For solving $$a_n-3a_{n-1}+2a_{n-2}=3^n-2,$$ I tried as follows:
For the homogeneous part the characteristics equation is : $r^2-3r+2=0\implies r=1,2$. So, $$ a_n^h=A(1)^n+B(2)^n=A+B2^n $$ Now how will I guess the particular solution?
For that also, I tried with $a_n=C3^n+D$ but did not get anything. Please help me.
On
Solve:$$u_n=3u_{n-1}-2u_{n-2}+3^n-2$$
The homogenous solution is given by$$u_{n}^{(h)}=3u_{n-1}-2u_{n-2}$$Its characteristic equation is then equal to$$r^2-3r+2=0\qquad\qquad r=1,2$$Hence, the solution for the homogenous portion is$$u_{n}^{(h)}=C_1+C_22^n$$The particular solution is found by taking the general form of the second half of our recurrence.

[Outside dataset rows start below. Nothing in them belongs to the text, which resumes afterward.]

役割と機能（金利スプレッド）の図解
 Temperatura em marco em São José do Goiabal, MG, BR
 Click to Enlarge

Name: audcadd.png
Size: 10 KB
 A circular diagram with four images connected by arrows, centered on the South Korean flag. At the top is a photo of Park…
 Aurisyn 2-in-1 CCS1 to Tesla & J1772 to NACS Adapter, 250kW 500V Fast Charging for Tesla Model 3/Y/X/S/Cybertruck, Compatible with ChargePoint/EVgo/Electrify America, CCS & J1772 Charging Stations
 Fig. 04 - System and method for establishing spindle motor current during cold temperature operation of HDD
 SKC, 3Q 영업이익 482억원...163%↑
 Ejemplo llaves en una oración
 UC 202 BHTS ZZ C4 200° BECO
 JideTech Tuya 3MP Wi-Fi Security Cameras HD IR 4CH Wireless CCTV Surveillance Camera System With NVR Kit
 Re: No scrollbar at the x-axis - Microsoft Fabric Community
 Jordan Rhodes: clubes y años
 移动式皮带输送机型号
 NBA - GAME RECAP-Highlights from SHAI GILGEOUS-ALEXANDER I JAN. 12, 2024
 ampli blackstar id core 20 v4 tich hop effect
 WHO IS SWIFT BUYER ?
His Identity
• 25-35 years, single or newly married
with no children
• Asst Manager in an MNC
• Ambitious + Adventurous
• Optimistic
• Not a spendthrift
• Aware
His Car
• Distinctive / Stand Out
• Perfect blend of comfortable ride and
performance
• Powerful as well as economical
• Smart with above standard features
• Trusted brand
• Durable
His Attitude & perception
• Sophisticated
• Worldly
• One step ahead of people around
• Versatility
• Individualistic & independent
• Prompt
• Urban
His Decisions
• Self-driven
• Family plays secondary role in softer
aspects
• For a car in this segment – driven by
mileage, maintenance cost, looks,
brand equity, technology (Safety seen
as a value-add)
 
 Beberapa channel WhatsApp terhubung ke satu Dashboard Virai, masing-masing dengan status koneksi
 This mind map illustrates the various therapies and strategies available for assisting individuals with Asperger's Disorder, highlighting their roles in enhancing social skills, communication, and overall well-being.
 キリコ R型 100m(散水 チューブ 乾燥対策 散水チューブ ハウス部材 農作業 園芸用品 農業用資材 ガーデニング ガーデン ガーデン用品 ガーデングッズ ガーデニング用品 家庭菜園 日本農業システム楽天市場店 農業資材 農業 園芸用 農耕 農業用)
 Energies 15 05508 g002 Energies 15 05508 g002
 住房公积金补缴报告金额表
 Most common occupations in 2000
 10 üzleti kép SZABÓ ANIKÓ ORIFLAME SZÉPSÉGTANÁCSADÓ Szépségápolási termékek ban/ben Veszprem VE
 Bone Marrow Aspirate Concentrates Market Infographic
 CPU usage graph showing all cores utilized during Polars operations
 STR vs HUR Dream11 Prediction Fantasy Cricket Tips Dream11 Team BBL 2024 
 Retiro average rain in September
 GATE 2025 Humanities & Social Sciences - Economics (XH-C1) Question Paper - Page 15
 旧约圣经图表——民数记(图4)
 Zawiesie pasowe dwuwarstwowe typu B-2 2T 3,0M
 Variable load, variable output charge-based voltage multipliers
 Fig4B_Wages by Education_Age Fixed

However, note that since we already have a constant, namely $C_1$ in our homogeneous solution, we have to multiply every term by $n$ to get$$u_{n}^{(p)}=C_3n3^n+C_4n$$Substitute that back into the original recurrence to get$$C_3n3^n+C_4n=C_3(n-1)3^n+3C_4(n-1)-2C_3(n-2)3^{n-2}-2C_4(n-2)+3^n-2$$Substitute any value of $n$, preferably $n=0$ and $n=1$ into the equation to solve for $C_3$ and $C_4$. The complete solution is found by adding the homogeneous and particular solutions together$$u_n=u_{n}^{(h)}+u_{n}^{(p)}$$
You are in the right direction:
Similarly to the method for finding particular solution for ODE, you can search a particular solution as $a_n=D \times n \times 1^n$: $$a_n-3a_{n-1}+2a_{n-2}=D(n-3(n-1)+2(n-2)) =-D$$ so $D=2$.
Finally by linearity: $$a_n=\frac{9}{2} 3^n+2 n$$ is a particular solution.